**REQUIREMENT:**
For this exercise, return only the lines in the records below from the one holding "Pop Art Lila" through the one holding "Texas Dallas Baylor", including both, exactly as they appear and without pictures.

**EXERCISE DATA:**
Segment Open

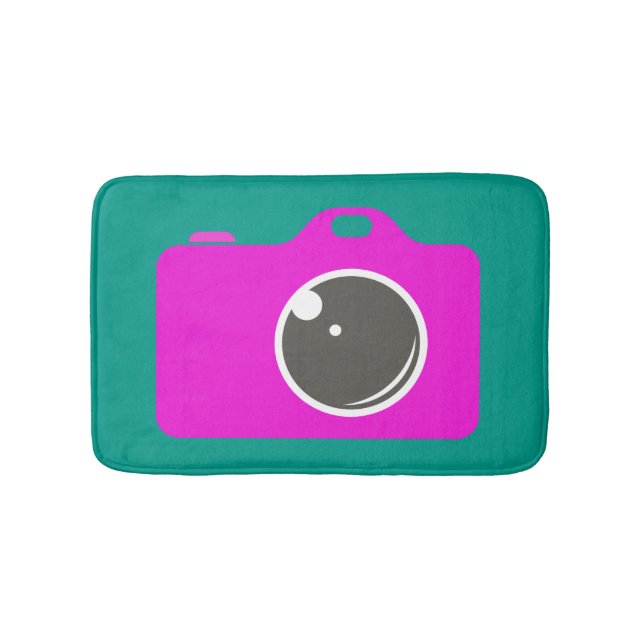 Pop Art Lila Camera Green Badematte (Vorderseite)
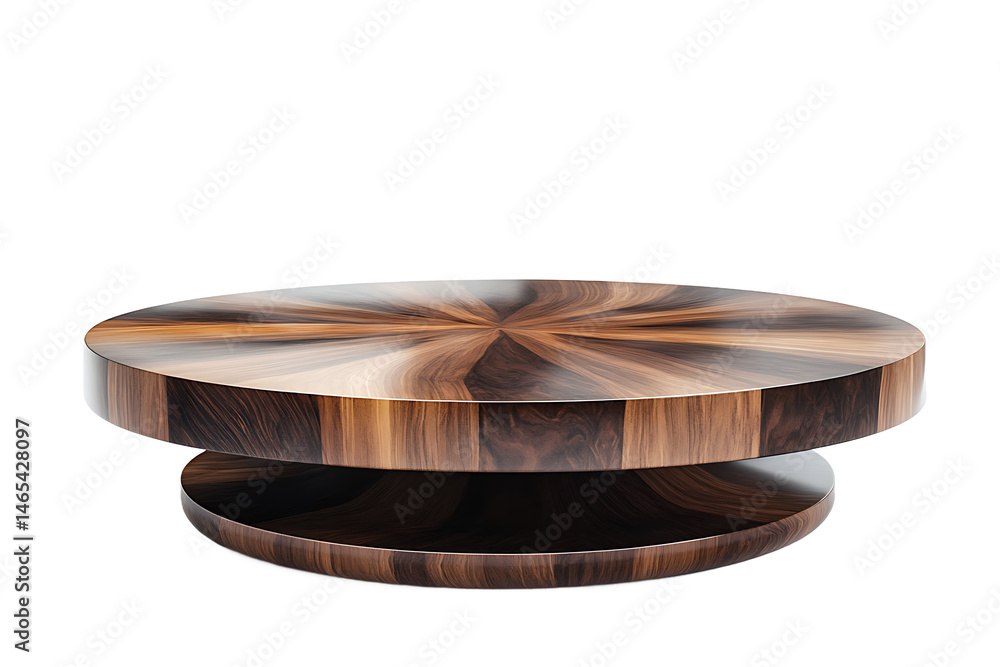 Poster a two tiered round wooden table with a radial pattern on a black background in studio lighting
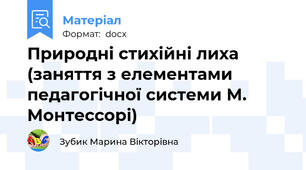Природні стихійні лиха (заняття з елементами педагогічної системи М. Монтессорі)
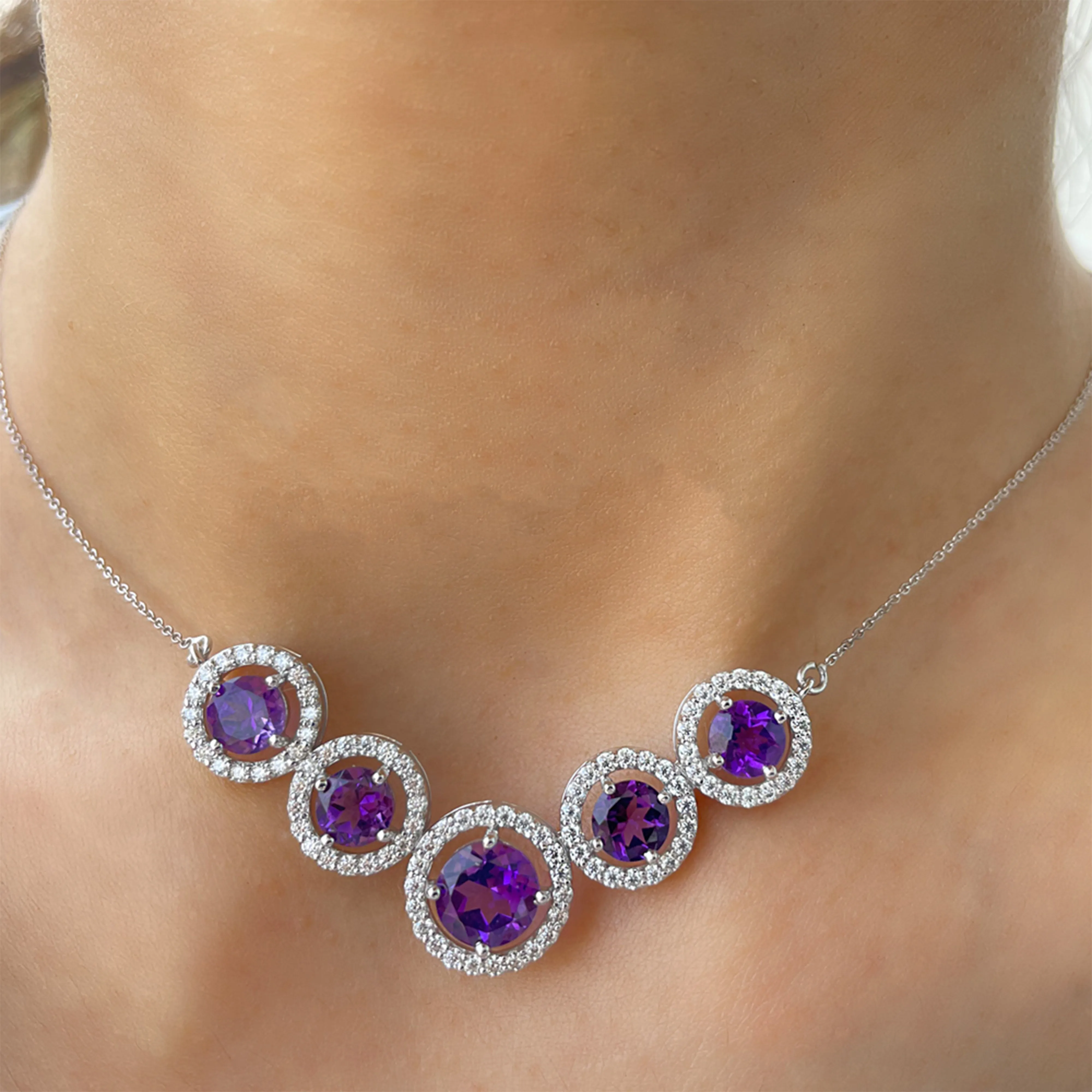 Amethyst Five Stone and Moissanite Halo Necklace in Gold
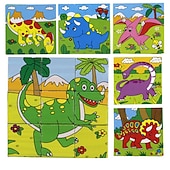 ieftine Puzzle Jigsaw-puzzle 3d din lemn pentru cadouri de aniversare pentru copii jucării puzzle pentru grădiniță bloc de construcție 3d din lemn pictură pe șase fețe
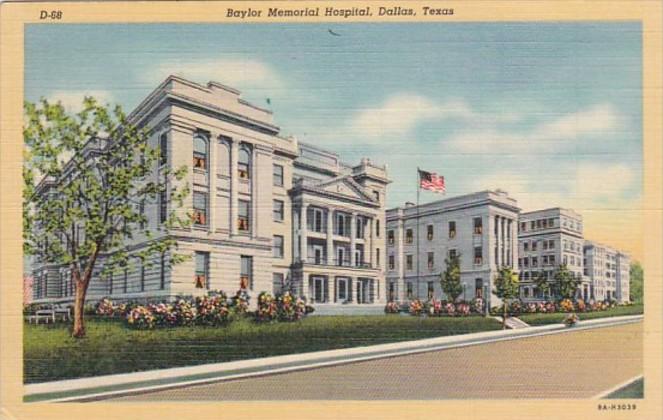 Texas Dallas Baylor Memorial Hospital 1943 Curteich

Segment Closed
Segment Open

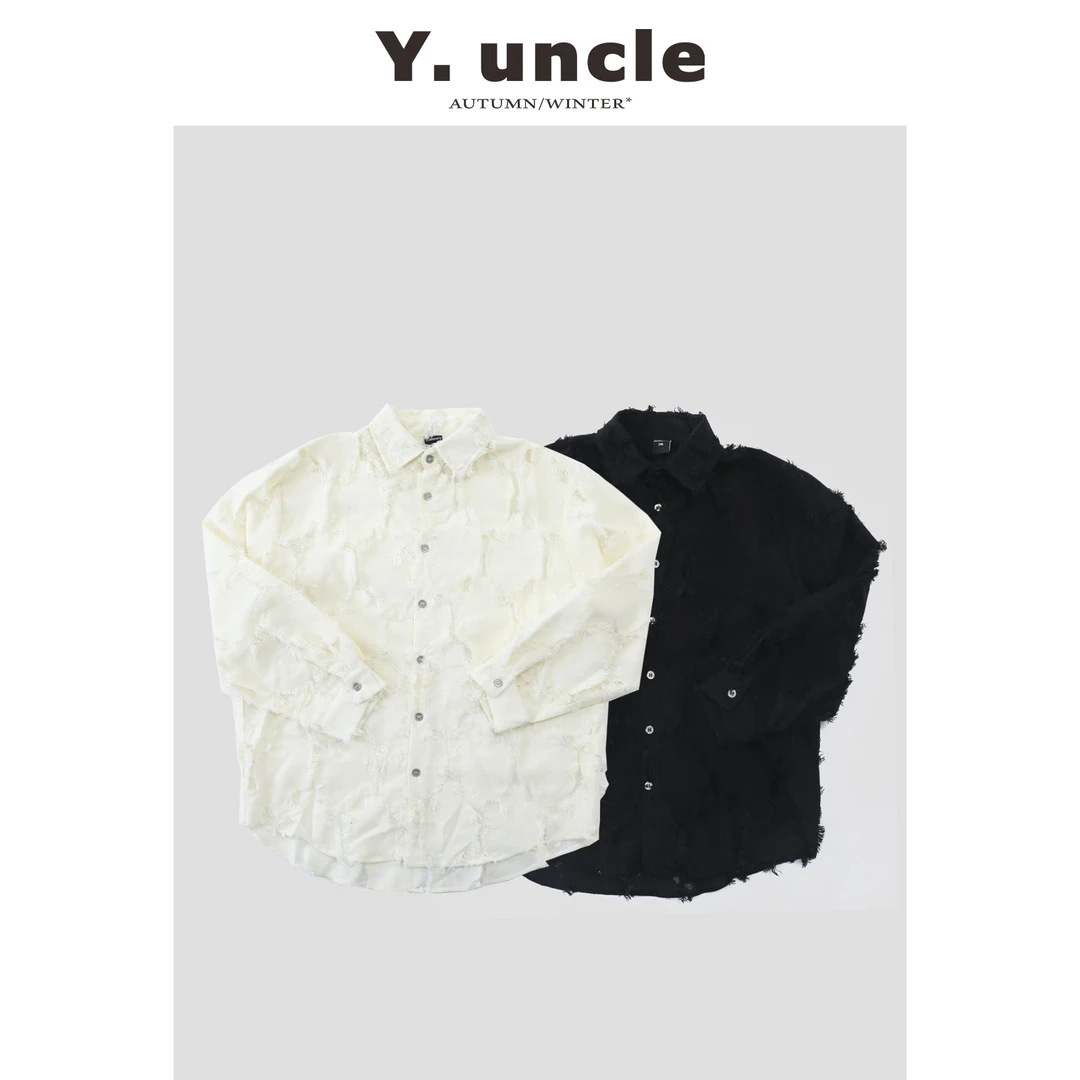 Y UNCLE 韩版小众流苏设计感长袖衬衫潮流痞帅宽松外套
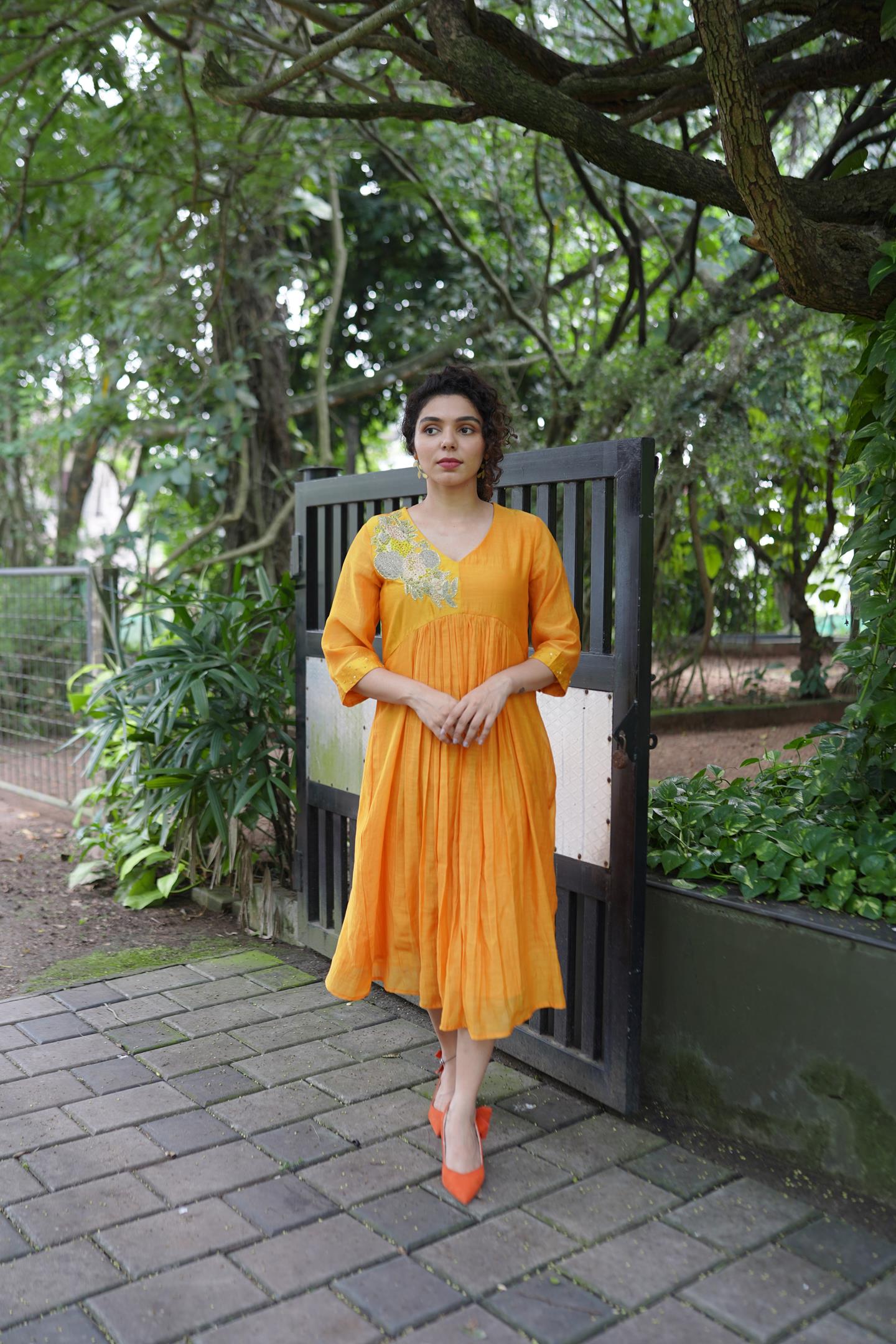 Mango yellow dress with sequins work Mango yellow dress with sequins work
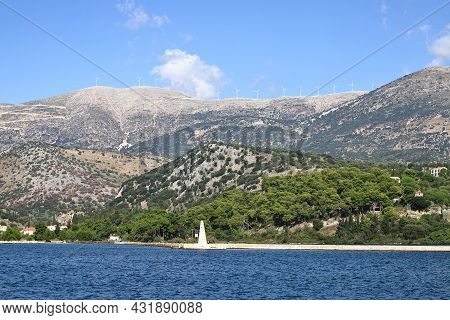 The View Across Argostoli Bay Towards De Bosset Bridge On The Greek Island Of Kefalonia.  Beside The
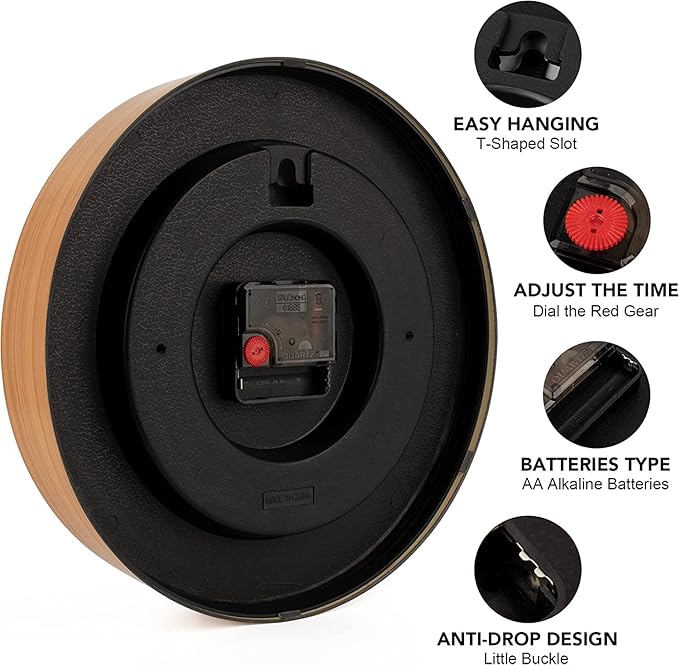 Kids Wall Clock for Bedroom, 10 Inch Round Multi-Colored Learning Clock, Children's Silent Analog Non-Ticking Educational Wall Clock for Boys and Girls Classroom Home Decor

Segment Closed
Segment Open

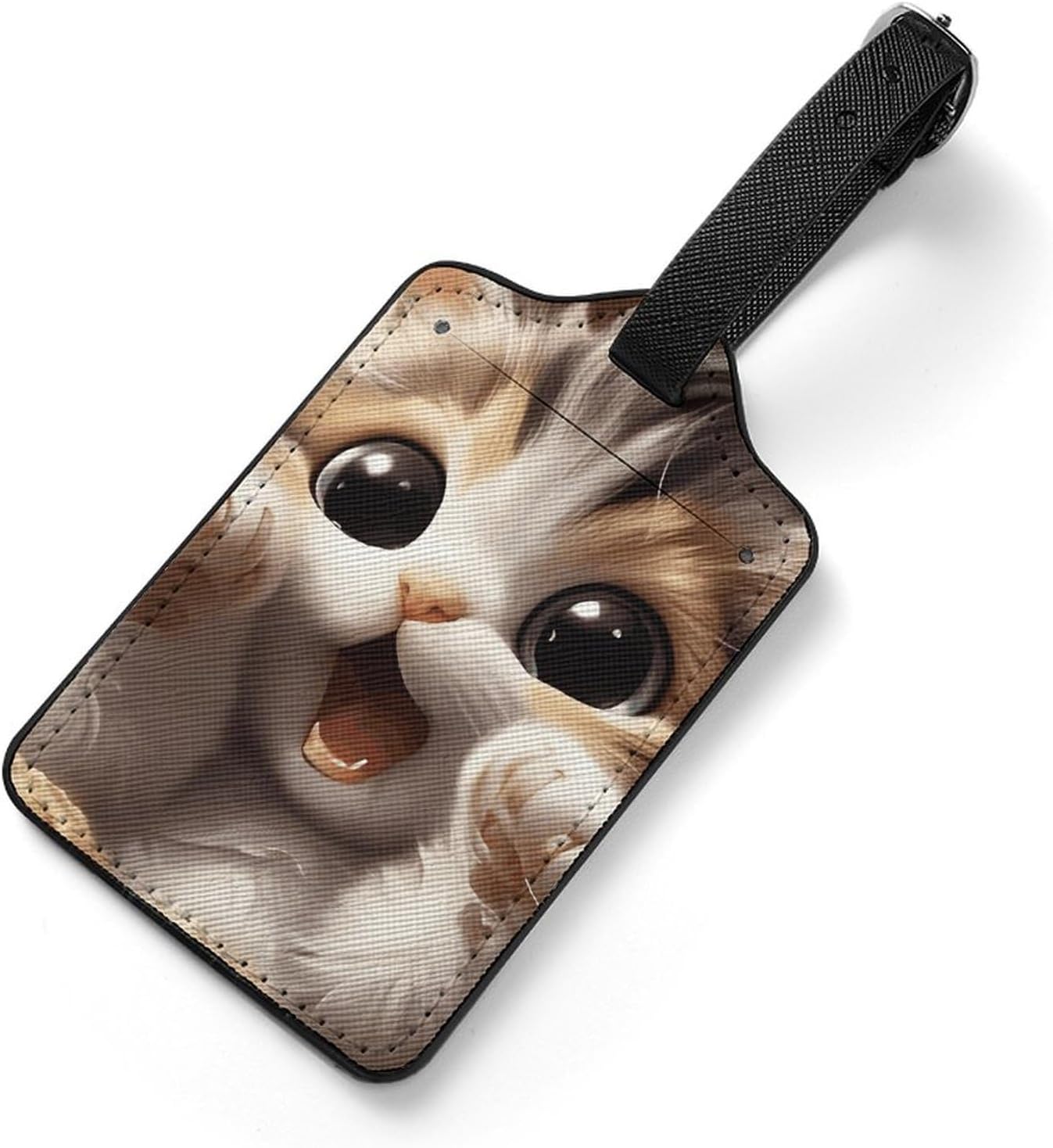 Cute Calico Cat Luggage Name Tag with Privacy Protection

Segment Closed

**TASK ANSWER:**
 Pop Art Lila Camera Green Badematte (Vorderseite)
 Poster a two tiered round wooden table with a radial pattern on a black background in studio lighting
Природні стихійні лиха (заняття з елементами педагогічної системи М. Монтессорі)
 Amethyst Five Stone and Moissanite Halo Necklace in Gold
 ieftine Puzzle Jigsaw-puzzle 3d din lemn pentru cadouri de aniversare pentru copii jucării puzzle pentru grădiniță bloc de construcție 3d din lemn pictură pe șase fețe
 Texas Dallas Baylor Memorial Hospital 1943 Curteich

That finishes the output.